Saturday, April 2, 2016

SCOOBY DOO AND THE SAMURAI SWORD (2009)





PHENOMENALITY: *marvelous*
MYTHICITY: *fair*
FRYEAN MYTHOS: *comedy*
CAMPBELLIAN FUNCTIONS: *metaphysical, sociological*


SCOOBY DOO AND THE SAMURAI SWORD wasn't much funnier than most of the DTV Scooby-movies out there, though it did make me laugh out loud at one point.. Yet it does boast a script that's more intelligent than the average.

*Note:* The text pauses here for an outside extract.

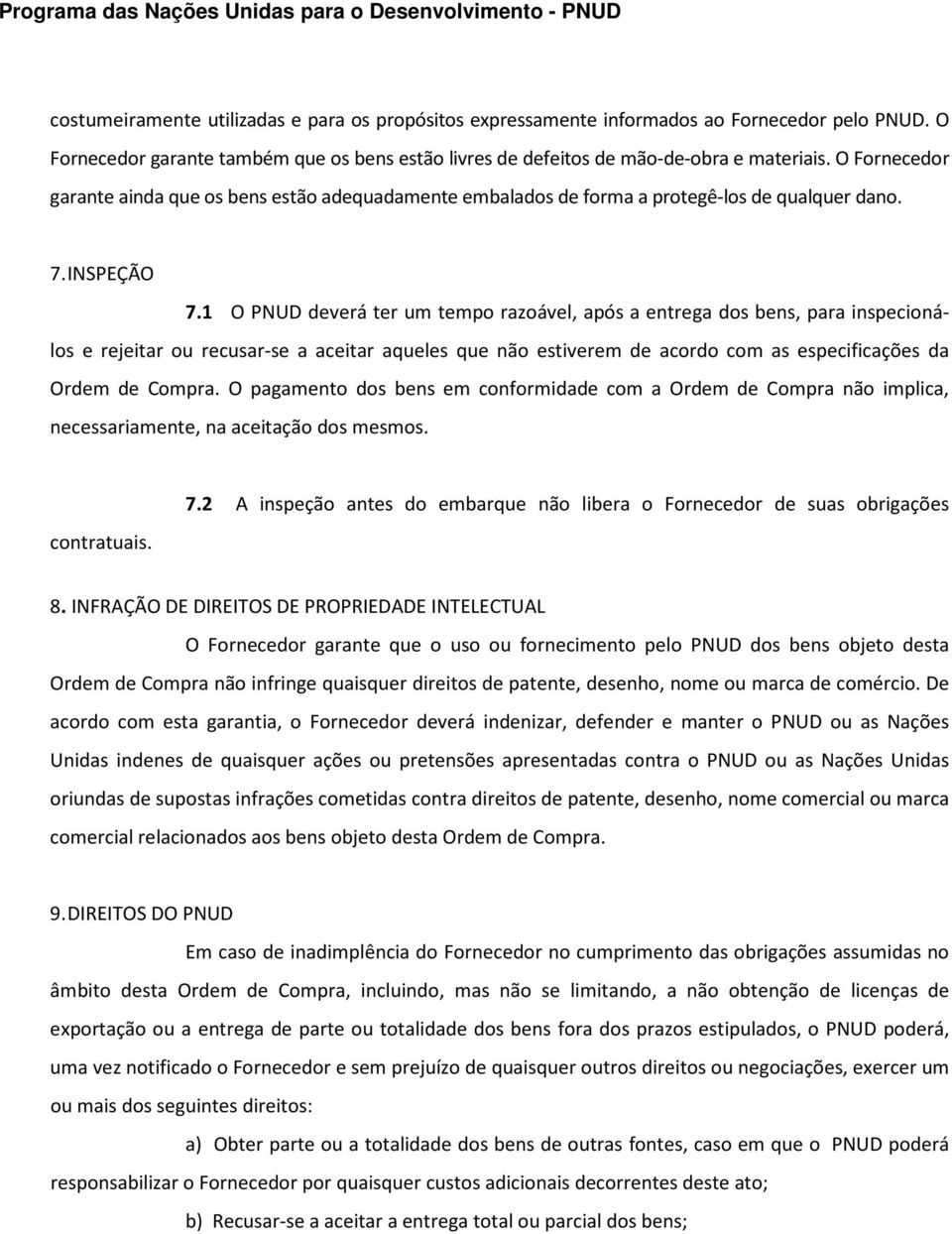 1 O PNUD deverá ter um tempo razoável, após a entrega dos bens, para inspecionálos e rejeitar ou recusar-se a aceitar aqueles que não estiverem de acordo com as especificações da Ordem de Compra.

The subject matter of the story may have encouraged the scripters to devote a little more research than usual. Scooby and the gang find their way to modern Japan, whose culture, according to one character, is perpetually conflicted between ancient ways and modern post-technological civilization. Perhaps because the popular culture of Japan has become entwined with that of America, the Scooby Gang don't encounter some fake-ified version of the country's myths and legends, but a bonafide supernatural menace called the Black Samurai. (To be sure, there are a bunch of robotic ninjas flying about, controlled by a secondary adversary whose identity must be revealed by the usual penny-ante sleuthing). The samurai, a medieval warrior possessed by the spirit of an evil sword, is loosely tied to the authentic Japanese legend of the swordsmiths Masamune and Muramase.

One welcome variation on the regular Scooby hijinks is that the character Daphne has much more to do this time, as she's the main reason for the Japanese sojourn. SWORD's version of Daphne seems to have been conceived in line with the "Kung Fu Daphne"  seen in the 2002 live-action Scooby-film, though to my knowledge this DTV is one of the few to do so. Daphne has a nice martial-arts match with a fellow female student, which event Shaggy calls knowingly a "kung fu catfight." (I wonder what any little kids watching the DVD made of that phrase.)

Aside from the spectacle of Daphne in a karate-gi, the film is at its most interesting when Scooby and Shaggy must both train with a Japanese mentor to become samurai capable of defeating the undead swordsman, using a "good sword" that destroys the Black Samurai's "bad sword." This sterling accomplishment by the two goofballs is only possible because both Shaggy and Scooby can easily reach the Zen state of "no mind"-- because neither of them has any mind to speak of. (The joke at which I laughed ties into this sequence, spoofing the schtick of the mystic master who can counsel his disciple through telepathic contact.)

For the purpose of my combative theory, SAMURAI SWORD is another illustration of a variation I described in my ARCHIVE essays like this one. Although Scooby and Shaggy are the means by which the evil demon is defeated, the "good sword" is guided not by their talents by the power of the sword's guardian dragon. In addition, I thought it was implied that all of their skills acquired by Shaggy and Scooby were more or less bestowed upon them by their samurai-mentor's "crash course" and that any and any of those martial skills would go bye-bye when the Scooby Gang had its next outing.. For this reason I don't regard SAMURAI SCHOOL as a film with a full combative value.